I've had a couple of people explain this to me, but I still don't get what they're trying to say. From what I hear, this phrase seems to be very relevant to modern society. I'm not even sure how.
Isn't "niceness" immediately a positive quality? No one goes around saying, "Oh gosh, I hope my boss / significant other / parents / friends are absolute bitches to me today. That would really validate my worth as a person." It might be kind of refreshing to see bitter or cynical people, but that doesn't sound like the same situation. Is this phrase saying that most people actually do need people to be rude and angry with them?
Or maybe they're afraid that their inherent "niceness" will cloud his or her honesty. But lying has nothing to do with being nice! Lying is the conveying of mistruth: You can do that in any number of ways (most of them not very "nice.") So that can't be it.

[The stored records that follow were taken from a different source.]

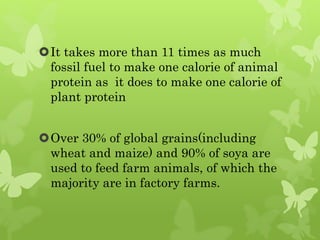 It takes more than 11 times as much
fossil fuel to make one calorie of animal
protein as it does to make one calorie of
plant protein
Over 30% of global grains(including
wheat and maize) and 90% of soya are
used to feed farm animals, of which the
majority are in factory farms.
 
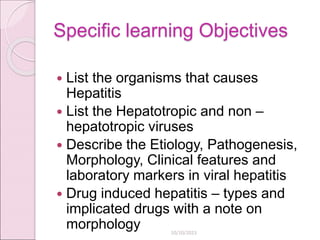 Specific learning Objectives
 List the organisms that causes
Hepatitis
 List the Hepatotropic and non –
hepatotropic viruses
 Describe the Etiology, Pathogenesis,
Morphology, Clinical features and
laboratory markers in viral hepatitis
 Drug induced hepatitis – types and
implicated drugs with a note on
morphology 10/10/2023
 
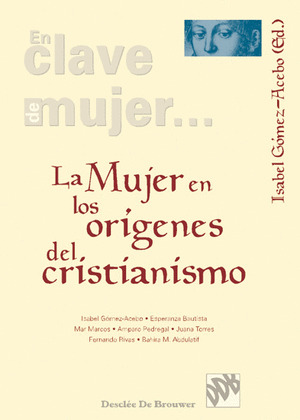 LA MUJER EN LOS ORÍGENES DEL CRISTIANISMO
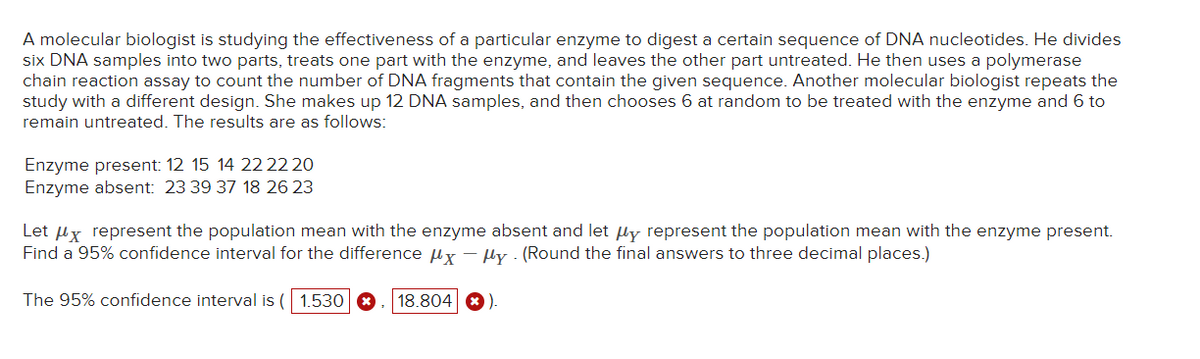 A molecular biologist is studying the effectiveness of a particular enzyme to digest a certain sequence of DNA nucleotides. He divides
six DNA samples into two parts, treats one part with the enzyme, and leaves the other part untreated. He then uses a polymerase
chain reaction assay to count the number of DNA fragments that contain the given sequence. Another molecular biologist repeats the
study with a different design. She makes up 12 DNA samples, and then chooses 6 at random to be treated with the enzyme and 6 to
remain untreated. The results are as follows:
Enzyme present: 12 15 14 22 22 20
Enzyme absent: 23 39 37 18 26 23
Let μx represent the population mean with the enzyme absent and let μy represent the population mean with the enzyme present.
Find a 95% confidence interval for the difference μx - μy (Round the final answers to three decimal places.)
The 95% confidence interval is ( 1.530
18.804 ).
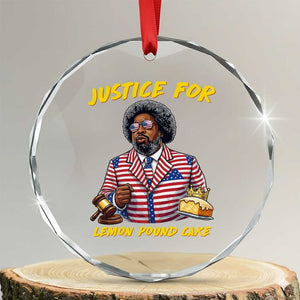 Justice for Lemon Pound Cake Funny Viral Meme Crystal Glass Ornament Edgy Hip Hop Humor Parody Gift for Rap Fans TS02 Transparent Glass 3'' Circle Print Your Wear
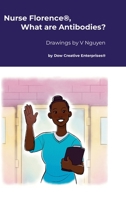 Nurse Florence(R), What are Antibodies? 1304119254 Book Cover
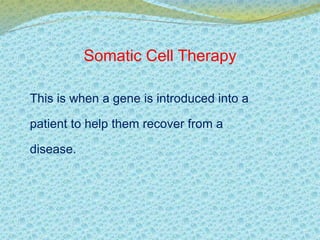 Somatic Cell Therapy 
This is when a gene is introduced into a 
patient to help them recover from a 
disease. 
 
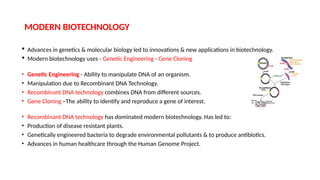 MODERN BIOTECHNOLOGY
 Advances in genetics & molecular biology led to innovations & new applications in biotechnology.
 Modern biotechnology uses - Genetic Engineering - Gene Cloning
• Genetic Engineering - Ability to manipulate DNA of an organism.
• Manipulation due to Recombinant DNA Technology.
• Recombinant DNA technology combines DNA from different sources.
• Gene Cloning –The ability to identify and reproduce a gene of interest.
• Recombinant DNA technology has dominated modern biotechnology. Has led to:
• Production of disease resistant plants.
• Genetically engineered bacteria to degrade environmental pollutants & to produce antibiotics.
• Advances in human healthcare through the Human Genome Project.
 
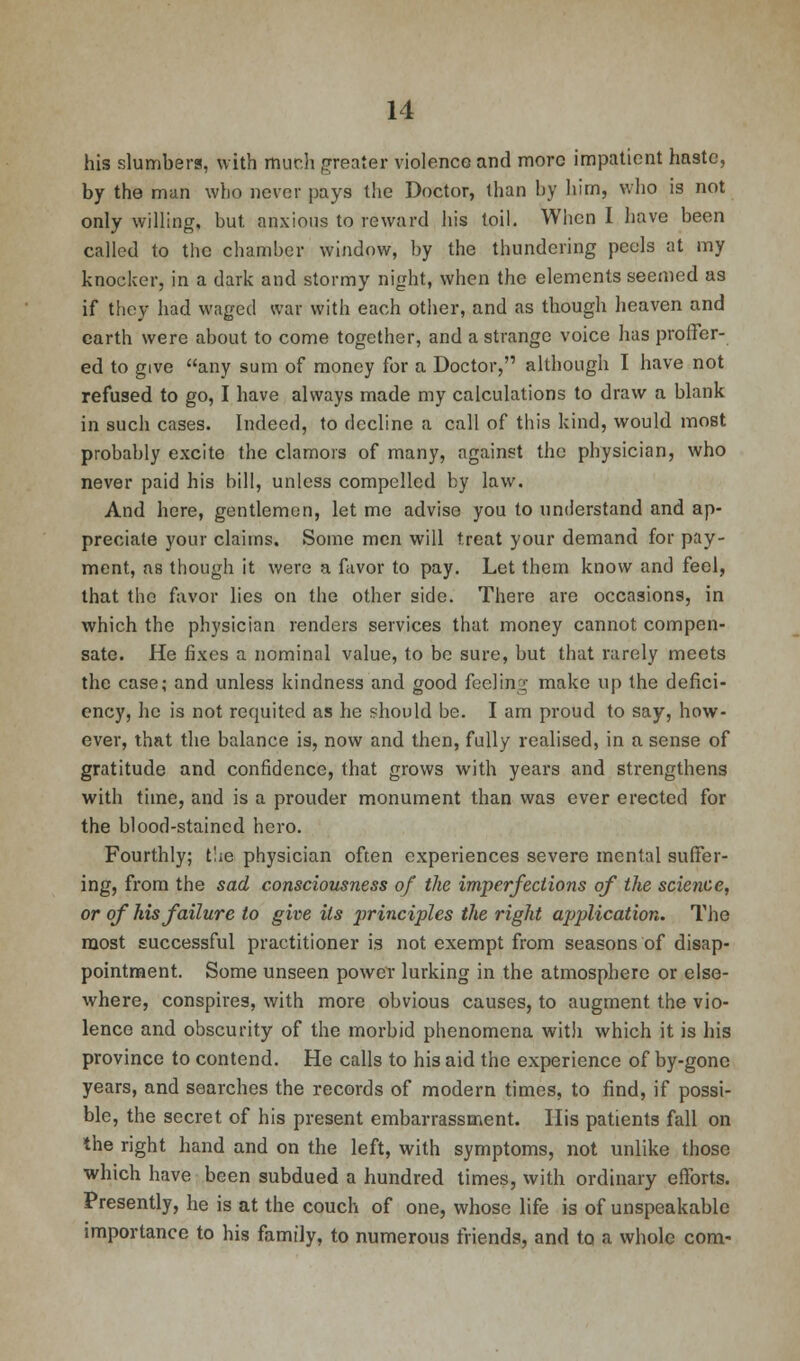 his slumbers, with much greater violence and more impatient haste, by the man who never pays the Doctor, than by him, who is not only willing, but. anxious to reward his toil. When I have been called to the chamber window, by the thundering peels at my knocker, in a dark and stormy night, when the elements seemed as if they had waged war with each other, and as though heaven and earth were about to come together, and a strange voice has proffer- ed to give any sum of money for a Doctor, although I have not refused to go, I have always made my calculations to draw a blank in such cases. Indeed, to decline a call of this kind, would most probably excite the clamors of many, against the physician, who never paid his bill, unless compelled by law. And here, gentlemen, let me advise you to understand and ap- preciate your claims. Some men will treat your demand for pay- ment, as though it were a favor to pay. Let them know and feel, that the favor lies on the other side. There are occasions, in which the physician renders services that, money cannot compen- sate. He fixes a nominal value, to be sure, but that rarely meets the case; and unless kindness and good feeling make up the defici- ency, he is not requited as he should be. I am proud to say, how- ever, that the balance is, now and then, fully realised, in a sense of gratitude and confidence, that grows with years and strengthens with time, and is a prouder monument than was ever erected for the blood-stained hero. Fourthly; t'ie physician often experiences severe mental suffer- ing, from the sad consciousness of the imperfections of the science, or of his failure to give its principles the right application. The most successful practitioner is not exempt from seasons of disap- pointment. Some unseen power lurking in the atmosphere or else- where, conspires, with more obvious causes, to augment the vio- lence and obscurity of the morbid phenomena with which it is his province to contend. He calls to his aid the experience of by-gone years, and searches the records of modern times, to find, if possi- ble, the secret of his present embarrassment. His patients fall on the right hand and on the left, with symptoms, not unlike those which have been subdued a hundred times, with ordinary efforts. Presently, he is at the couch of one, whose life is of unspeakable importance to his family, to numerous friends, and to a whole com-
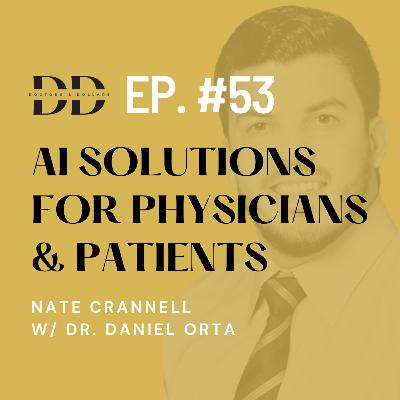 AI Solutions for Physicians & Patients We Didn't See Coming w/ Hospitalist Dr. Daniel Orta (Ep. 53) AI Solutions for Physicians & Patients We Didn't See Coming w/ Hospitalist Dr. Daniel Orta (Ep. 53)
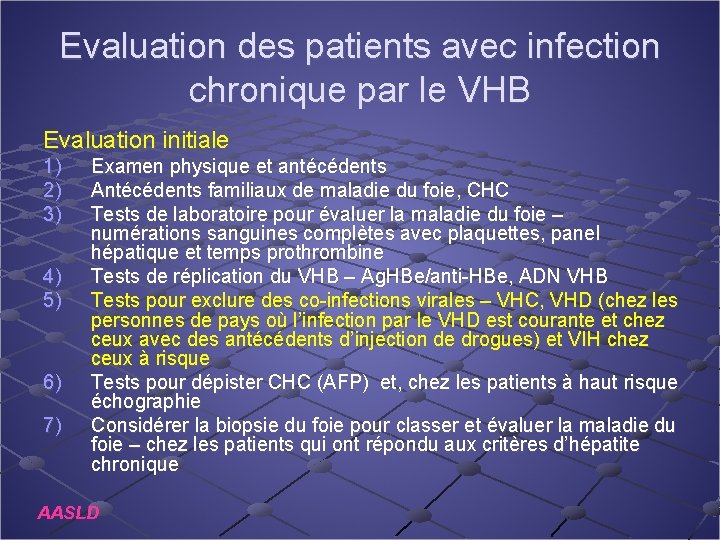 Evaluation des patients avec infection chronique par le VHB Evaluation initiale 1) 2) 3)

Some told me that "nice" is okay, but being a "pushover" is not okay. What is this "pushover?" Is this a person that can't make their own decisions? That sounds like a lazy person to me. Maybe it's someone with intellectual dishonesty. If that's the case, I don't see how they could be "nice" by default.
The only conclusion that makes sense is that the "nice guy" is an archetype -- a broad symbol for something unattainable. The people I see mostly using the phrase are ones that make bad relationship decisions and tend to make up excuses for those decisions.
Either that, or being a total wanker is somehow appealing to our sense of primal sexuality. That sounds wrong.